Necessary evil? How to fix finance by saving human rights

Finance governs almost every aspect of modern life. Every day, we use the financial system to mortgage our homes, to insure our health, to invest in our futures through education and pension funds, to feed and clothe ourselves, to be paid for our labor, and to help others in need. As the fuel of capitalism, finance has been a major force for human progress for centuries. Yet it has periodically generated disasters too, from the Great Depression to the recent sub-prime mortgage crisis. In writing Necessary Evil, distinguished human rights law scholar David Kinley spent ten years immersed in researching finance’s many facets—from how it is raised and what it is spent on, to when it is gambled and who wins and who loses—to produce this unique account of how finance works from a human rights perspective.

Join David Kinley, Professor and Chair in Human Rights Law at the University of Sydney, and author of “Necessary Evil: How to Fix Finance by Saving Human Rights,” as he discusses how to reform finance in ways that will salvage its legitimacy and make it human rights friendly together with Daniel Augenstein (Tilburg Law School), Carolijn Terwindt (European Center for Constitutional and Human Rights e.V.) and moderator Pierre Thielbörger (Hertie School).
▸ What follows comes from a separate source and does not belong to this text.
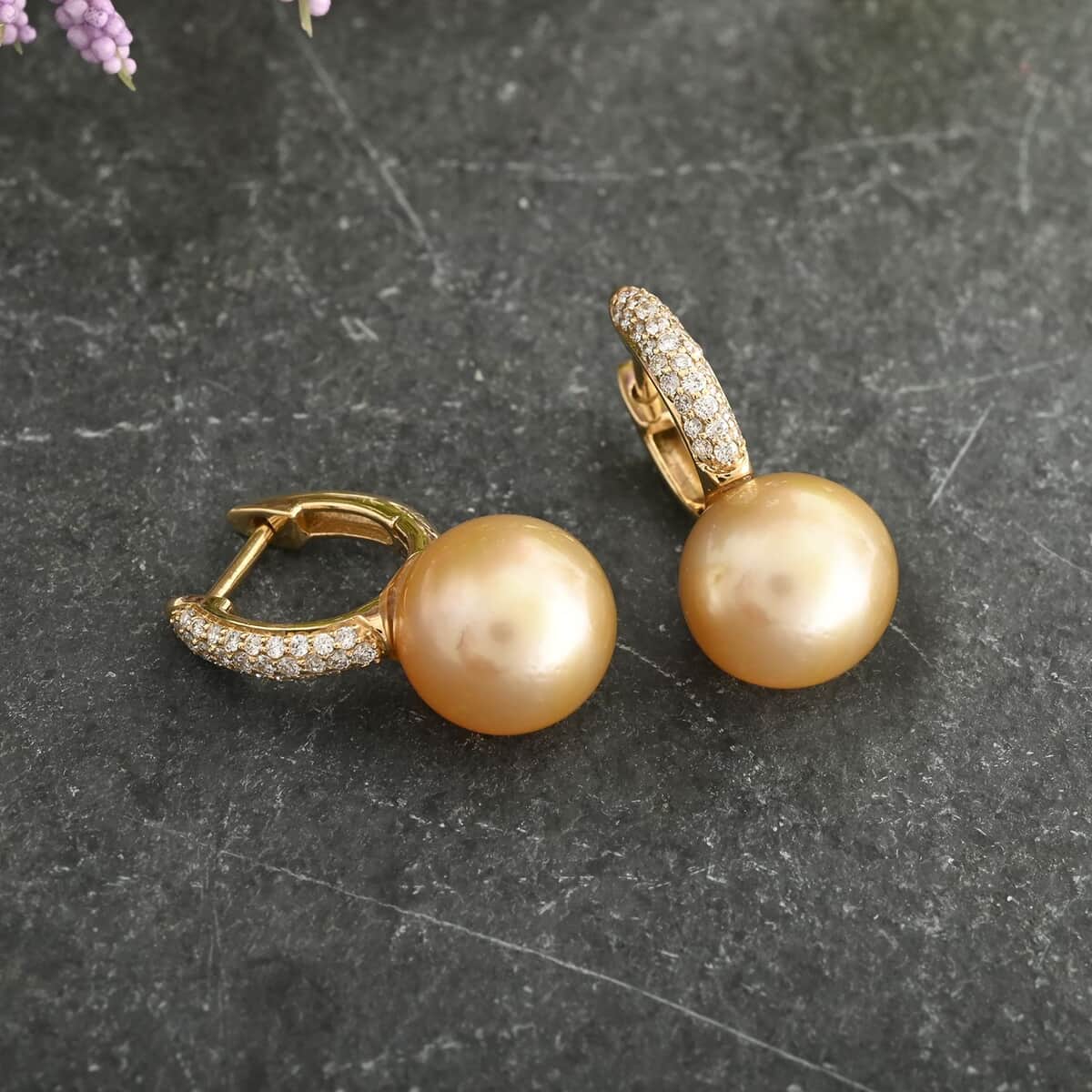 Certified & Appraised Iliana 18K Yellow Gold AAA South Sea Golden Pearl and G-H SI Diamond Earrings 0.24 ctw image number 1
The event is chaired by Mark Dawson (Hertie School).


David Kinley is Chair in Human Rights Law at the University of Sydney and an Expert Member of Doughty Street Chambers in London; presently he is a visiting fellow at the Max Planck Institute in Luxembourg. Between 2000 and 2005 he was the Founding Director of the Castan Centre for Human Rights Law at Monash University, and was a founding member of Australian Lawyers for Human Rights in the early 19990s. He specializes in relations between the global economy and human rights and has worked for more than 25 years with governments, international organisations, law firms, corporations and NGOs in the field. His latest book, Necessary Evil: How to Fix Finance by Saving Human Rights was published in 2018 by Oxford University Press.  He also has a TEDx video: How Much Do Banks Owe Us?
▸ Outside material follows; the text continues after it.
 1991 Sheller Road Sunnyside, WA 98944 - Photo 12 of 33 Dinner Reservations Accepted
Daniel Augenstein is Associate Professor in the Department of European and International Public Law at Tilburg Law School. His research focuses on human rights in their constitutional, international and global dimensions. It examines the transformation of human rights under conditions of globalisation where different (state and non-state) regimes of protection intersect and compete with each other.

Carolijn Terwindt represents the Business and Human Rights Program at the European Center for Constitutional and Human Rights, where she works closely with workers and their families in Pakistan and Bangladesh on cases of corporate liability in the textile industry. She has published on a wide range of topics, including identity politics, anti-terrorism legislation, contentious criminalization, and the liability of pharmaceuticals off shoring their clinical trials.

Moderated by Pierre Thielbörger is Adjunct Professor at the Hertie School and Professor of German Public Law and International Law, especially International Law of Peace and Armed Conflict, at the Ruhr University Bochum. He is also Executive Director of the Institute for the International Law of Peace and Armed Conflict (IFHV) in Bochum.


Mark Dawson, Professor of European Law and Governance at the Hertie School. His research focuses on the relationship between law and policymaking in the EU, particularly economic governance and human rights protection. Dawson was previously an Assistant Professor at Maastricht University, where he remains a scholar within the Maastricht Centre for European Law.